(Beginning of SOURCE MATERIAL)

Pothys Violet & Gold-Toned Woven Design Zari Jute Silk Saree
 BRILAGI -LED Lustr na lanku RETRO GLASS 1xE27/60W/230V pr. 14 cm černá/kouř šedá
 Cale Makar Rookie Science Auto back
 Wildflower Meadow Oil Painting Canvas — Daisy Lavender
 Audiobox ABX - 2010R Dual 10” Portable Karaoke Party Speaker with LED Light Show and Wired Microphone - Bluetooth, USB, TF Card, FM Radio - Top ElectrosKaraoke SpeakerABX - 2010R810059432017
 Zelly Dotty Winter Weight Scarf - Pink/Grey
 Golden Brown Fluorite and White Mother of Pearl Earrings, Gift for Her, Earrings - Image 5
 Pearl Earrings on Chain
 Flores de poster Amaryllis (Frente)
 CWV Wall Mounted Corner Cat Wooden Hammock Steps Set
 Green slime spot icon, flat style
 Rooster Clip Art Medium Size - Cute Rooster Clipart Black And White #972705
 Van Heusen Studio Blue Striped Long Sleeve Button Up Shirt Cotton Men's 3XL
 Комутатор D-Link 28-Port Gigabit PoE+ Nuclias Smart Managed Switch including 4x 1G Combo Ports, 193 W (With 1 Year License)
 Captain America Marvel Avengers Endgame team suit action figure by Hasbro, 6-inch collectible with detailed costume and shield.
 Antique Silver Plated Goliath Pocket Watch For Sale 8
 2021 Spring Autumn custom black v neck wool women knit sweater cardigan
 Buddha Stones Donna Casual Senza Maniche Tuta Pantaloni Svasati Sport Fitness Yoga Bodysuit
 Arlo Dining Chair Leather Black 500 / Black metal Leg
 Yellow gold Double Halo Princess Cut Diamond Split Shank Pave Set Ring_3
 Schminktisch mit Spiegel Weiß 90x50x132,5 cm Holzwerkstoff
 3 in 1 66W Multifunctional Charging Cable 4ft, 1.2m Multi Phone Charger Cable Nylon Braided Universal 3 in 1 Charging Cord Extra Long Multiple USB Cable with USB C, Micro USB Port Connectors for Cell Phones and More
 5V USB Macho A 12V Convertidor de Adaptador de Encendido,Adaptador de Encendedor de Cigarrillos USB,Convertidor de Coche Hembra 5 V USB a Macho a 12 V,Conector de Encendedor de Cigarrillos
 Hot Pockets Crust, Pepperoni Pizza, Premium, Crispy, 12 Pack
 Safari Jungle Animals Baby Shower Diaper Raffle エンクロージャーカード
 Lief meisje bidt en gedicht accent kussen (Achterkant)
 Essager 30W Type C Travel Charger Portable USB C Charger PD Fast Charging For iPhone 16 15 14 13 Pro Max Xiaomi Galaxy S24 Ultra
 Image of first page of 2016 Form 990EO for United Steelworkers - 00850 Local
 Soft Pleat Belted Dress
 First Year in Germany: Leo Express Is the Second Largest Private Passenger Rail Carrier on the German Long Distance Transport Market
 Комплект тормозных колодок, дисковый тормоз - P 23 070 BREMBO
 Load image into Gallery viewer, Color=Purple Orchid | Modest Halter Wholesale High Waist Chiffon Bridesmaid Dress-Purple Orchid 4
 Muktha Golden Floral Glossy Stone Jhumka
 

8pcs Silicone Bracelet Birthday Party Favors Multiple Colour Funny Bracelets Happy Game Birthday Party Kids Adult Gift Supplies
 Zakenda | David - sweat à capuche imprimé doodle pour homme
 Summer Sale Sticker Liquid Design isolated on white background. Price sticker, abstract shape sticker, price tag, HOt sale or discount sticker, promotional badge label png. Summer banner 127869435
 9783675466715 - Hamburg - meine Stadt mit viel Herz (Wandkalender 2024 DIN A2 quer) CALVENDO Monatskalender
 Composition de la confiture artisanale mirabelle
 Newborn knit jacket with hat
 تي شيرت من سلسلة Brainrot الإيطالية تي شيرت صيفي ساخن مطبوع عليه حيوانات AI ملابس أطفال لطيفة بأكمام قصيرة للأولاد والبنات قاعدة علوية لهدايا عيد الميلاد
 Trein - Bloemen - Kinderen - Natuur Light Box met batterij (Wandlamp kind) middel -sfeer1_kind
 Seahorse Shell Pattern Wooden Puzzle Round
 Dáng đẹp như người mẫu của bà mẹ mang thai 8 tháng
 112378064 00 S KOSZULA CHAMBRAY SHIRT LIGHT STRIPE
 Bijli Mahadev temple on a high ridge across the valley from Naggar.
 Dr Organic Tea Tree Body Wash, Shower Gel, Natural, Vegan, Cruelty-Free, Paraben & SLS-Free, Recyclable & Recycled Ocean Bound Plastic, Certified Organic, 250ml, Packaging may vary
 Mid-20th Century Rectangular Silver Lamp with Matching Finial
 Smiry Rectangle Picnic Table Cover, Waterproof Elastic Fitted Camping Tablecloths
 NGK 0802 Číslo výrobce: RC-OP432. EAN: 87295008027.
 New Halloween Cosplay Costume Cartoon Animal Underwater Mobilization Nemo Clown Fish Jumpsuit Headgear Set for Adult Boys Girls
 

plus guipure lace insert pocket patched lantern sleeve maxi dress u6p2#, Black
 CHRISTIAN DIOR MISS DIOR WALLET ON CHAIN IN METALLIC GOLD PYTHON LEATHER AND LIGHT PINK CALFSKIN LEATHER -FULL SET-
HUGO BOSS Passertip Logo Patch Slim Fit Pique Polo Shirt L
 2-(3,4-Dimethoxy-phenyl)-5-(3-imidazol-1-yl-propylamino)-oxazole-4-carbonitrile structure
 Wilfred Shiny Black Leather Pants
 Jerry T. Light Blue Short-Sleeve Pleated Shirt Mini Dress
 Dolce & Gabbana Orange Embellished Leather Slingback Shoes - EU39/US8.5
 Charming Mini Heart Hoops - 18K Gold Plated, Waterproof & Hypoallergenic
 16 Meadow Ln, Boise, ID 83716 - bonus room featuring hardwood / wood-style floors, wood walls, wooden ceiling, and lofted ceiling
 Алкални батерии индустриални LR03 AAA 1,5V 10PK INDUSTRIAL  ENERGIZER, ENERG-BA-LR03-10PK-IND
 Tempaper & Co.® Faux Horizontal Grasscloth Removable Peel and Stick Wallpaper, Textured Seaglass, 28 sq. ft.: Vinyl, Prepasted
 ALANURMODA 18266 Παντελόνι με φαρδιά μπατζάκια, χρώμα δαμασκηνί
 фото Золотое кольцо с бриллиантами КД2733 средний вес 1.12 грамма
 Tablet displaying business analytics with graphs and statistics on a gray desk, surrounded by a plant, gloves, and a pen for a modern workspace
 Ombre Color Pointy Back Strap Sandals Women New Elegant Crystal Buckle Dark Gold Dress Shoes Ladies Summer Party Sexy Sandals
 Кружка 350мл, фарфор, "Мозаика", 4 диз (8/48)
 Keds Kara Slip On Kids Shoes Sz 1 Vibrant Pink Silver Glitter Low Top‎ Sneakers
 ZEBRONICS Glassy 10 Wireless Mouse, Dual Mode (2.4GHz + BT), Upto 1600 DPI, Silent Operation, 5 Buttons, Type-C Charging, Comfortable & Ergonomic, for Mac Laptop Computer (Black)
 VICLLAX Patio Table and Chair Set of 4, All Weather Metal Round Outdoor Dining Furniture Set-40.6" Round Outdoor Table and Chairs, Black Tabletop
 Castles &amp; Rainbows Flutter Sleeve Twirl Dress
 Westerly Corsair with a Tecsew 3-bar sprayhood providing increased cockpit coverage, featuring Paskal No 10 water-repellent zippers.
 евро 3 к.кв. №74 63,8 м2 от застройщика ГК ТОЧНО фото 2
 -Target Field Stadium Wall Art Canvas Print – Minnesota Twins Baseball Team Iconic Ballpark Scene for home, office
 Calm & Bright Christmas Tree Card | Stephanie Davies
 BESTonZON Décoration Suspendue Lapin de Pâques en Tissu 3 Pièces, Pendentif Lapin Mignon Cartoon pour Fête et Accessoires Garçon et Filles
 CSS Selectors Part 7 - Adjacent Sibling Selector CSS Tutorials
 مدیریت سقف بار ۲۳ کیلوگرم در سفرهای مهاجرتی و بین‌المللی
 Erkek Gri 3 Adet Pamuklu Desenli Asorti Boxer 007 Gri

(End of SOURCE MATERIAL)

_REQUIRED WORK_.
Pull every line containing "Golden" out of the records.

_THE COMPLETED TASK_.
 Golden Brown Fluorite and White Mother of Pearl Earrings, Gift for Her, Earrings - Image 5
 Muktha Golden Floral Glossy Stone Jhumka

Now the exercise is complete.